This recipe takes a little longer to make than my “quick falafel” but, the difference in taste is worth the effort. This is made with fava beans but if you like a more traditional Middle Eastern falafel see my “what you should know”.
- 1 cup dried fava beans
- 1 cup onion, roughly chopped
- 2 Tblsp fresh parsley, minced
- 2 Tblsp fresh cilantro, minced
- 3-4 cloves of garlic
- 1 tsp kosher salt
- ½ tsp ground cayenne pepper
- 1 tsp cumin
- 1 tsp baking powder
- 4-6 Tblsp whole wheat flour
- Peanut oil or vegetable oil for frying
- Pita or flat bread
- Chopped tomatoes
- Chopped onions
- Chopped and seeded cucumbers
- Lemon-Tahini sauce
- Deep fat fryer or saucepan
- Candy thermometer
- Food processor with metal blade
- Paper towels
- Put the chickpeas in a large bowl and add cold water to cover by at couple inches.

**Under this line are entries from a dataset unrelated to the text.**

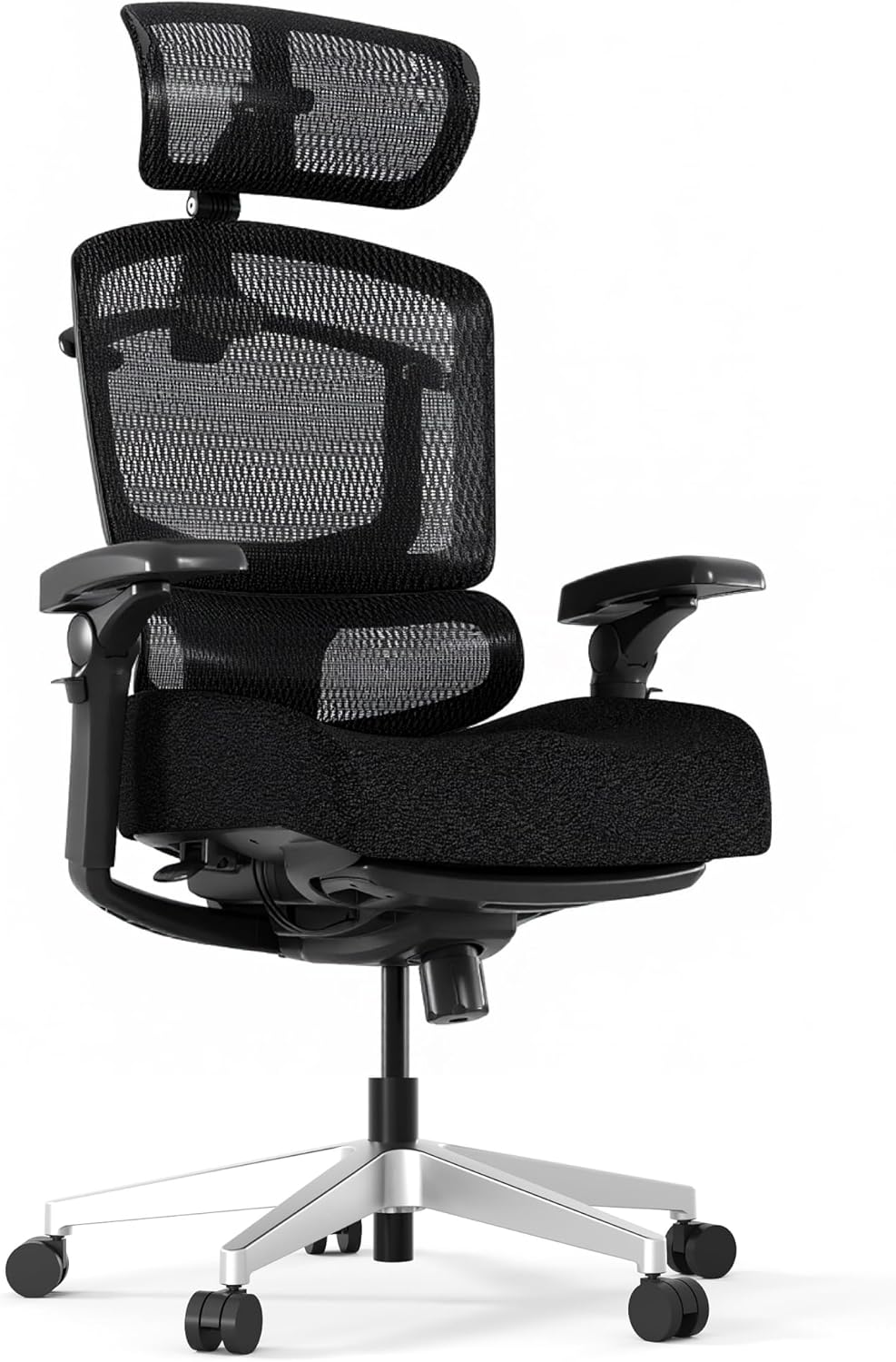 FLEXISPOT ErgoX-PRO Ergonomic Office Chair with Footrest Black – Cloudtech Cushion, 5D Lumbar, 7D Armrests, 4D Headrest, 551LBS Capacity – Office, Gaming, Home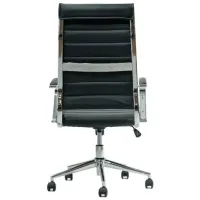 Fotoliu de birou AG Record Piele artificială/ Black Chrome photo 3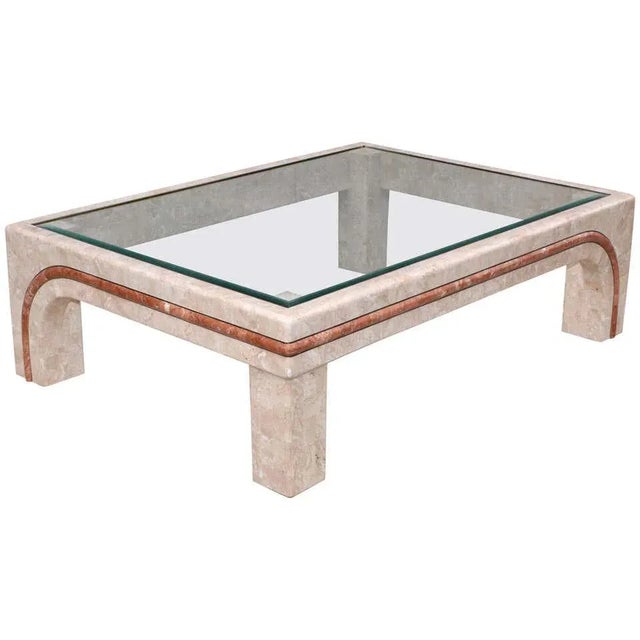 Large 1980s Tessellated Stone Coffee Table For Sale - Image 13 of 13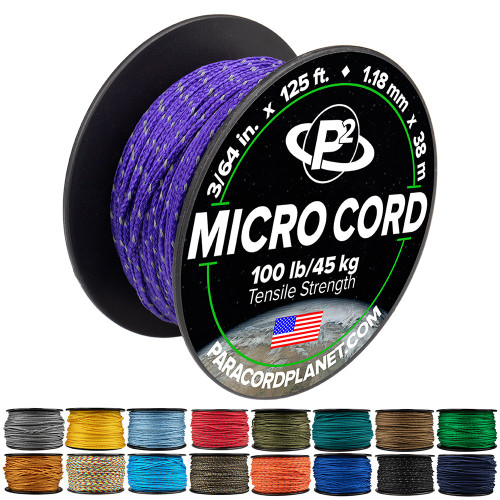 Reflective Acid Purple Micro Cord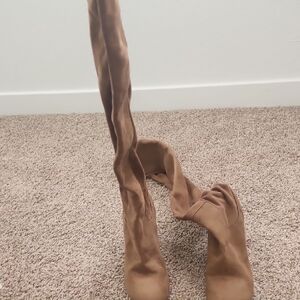 Brown Over-the-Knee Women's Boots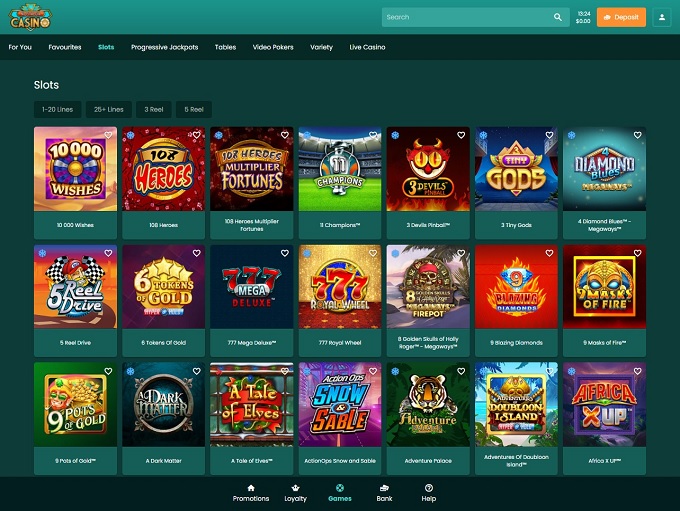 casino Zodiac $100 free spins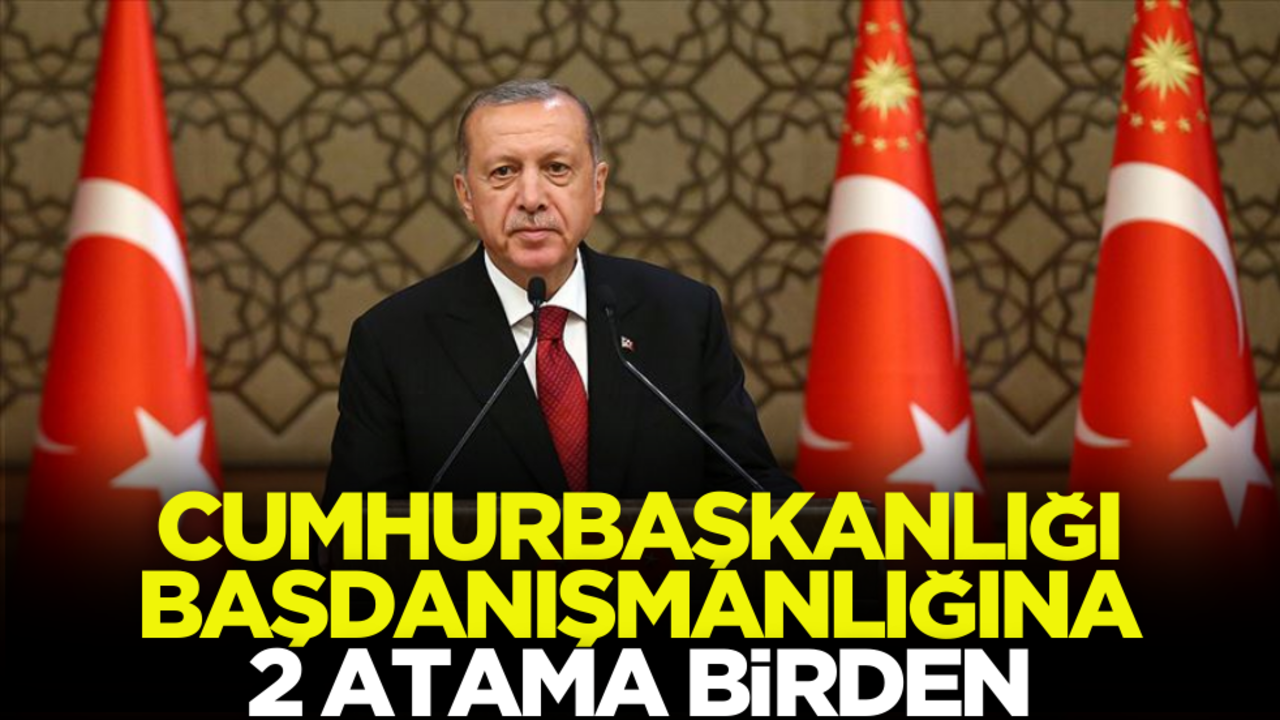 Cumhurbaşkanı Başdanışmanlığına iki atama birden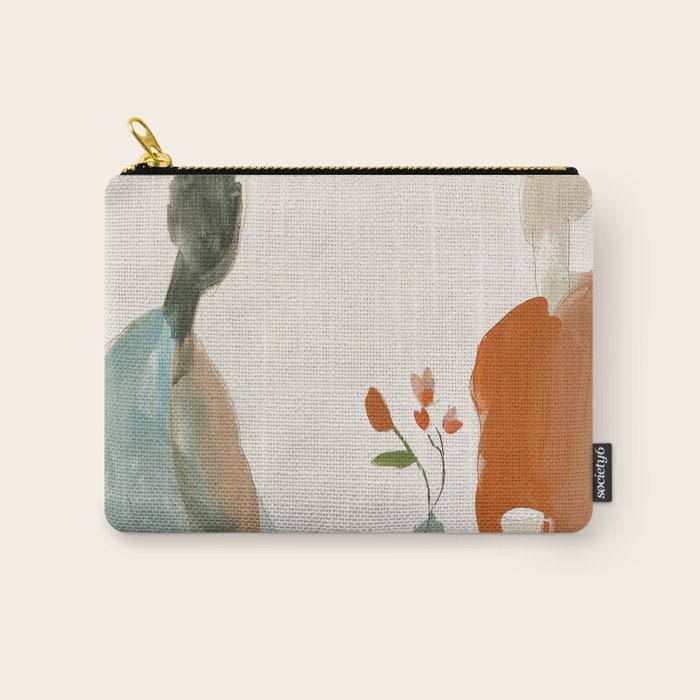 Abstract Cafe Stillness Carry All Pouch Gallery Image 1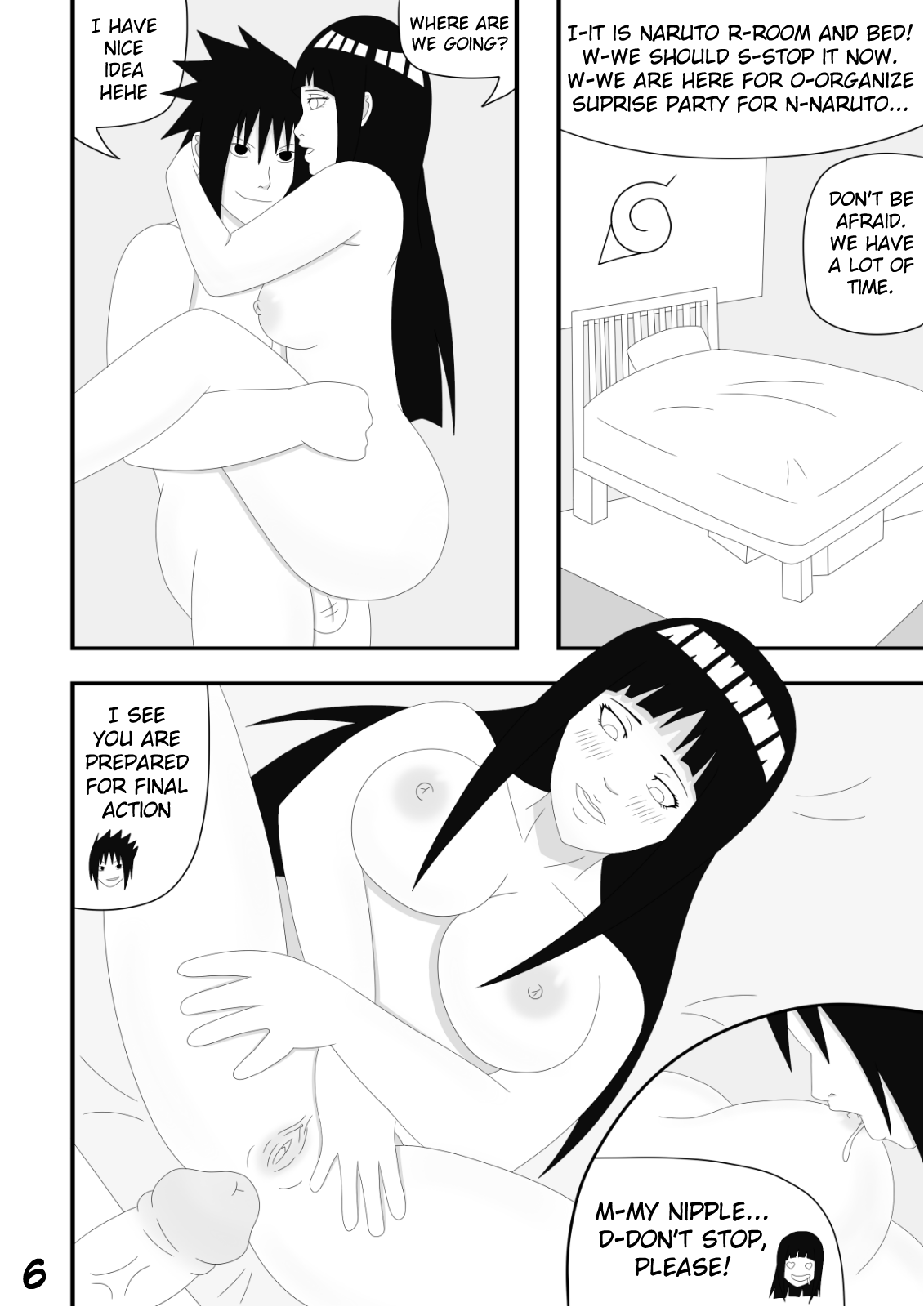 SasuHina comic page 6 full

Let soak overnight, then drain.
- Place the drained, uncooked chickpeas and the onions in the bowl of a food processor.
- Add the parsley, salt, cayenne pepper, garlic, and cumin. Pulse in food processor until blended but not pureed.
- Sprinkle in the baking powder and 4 tablespoons of the flour, and pulse. Add enough flour so that the dough forms a small ball and does not stick to your hands.
- Place mixture into a bowl and refrigerate, covered, for several hours.
- When mixture has set, form the chickpea mixture into balls about the size of a golf ball.
- Heat oil in deep fat fryer or sauce pan to 375°F.
- Fry one ball to test. If it falls apart, add a little more flour.
- Then fry in small batches for a few minutes on each side, or until golden brown.
- Drain on paper towels.
- Serve with warm pita or flat bread along with chopped tomatoes, cucumbers, onion, lettuce, and lemon-tahini sauce.
What you should know
If you like traditional Middle Eastern Falafel substitute 1 cup dried chickpeas for fava beans and add 2 Tblsp fresh cilantro, minced.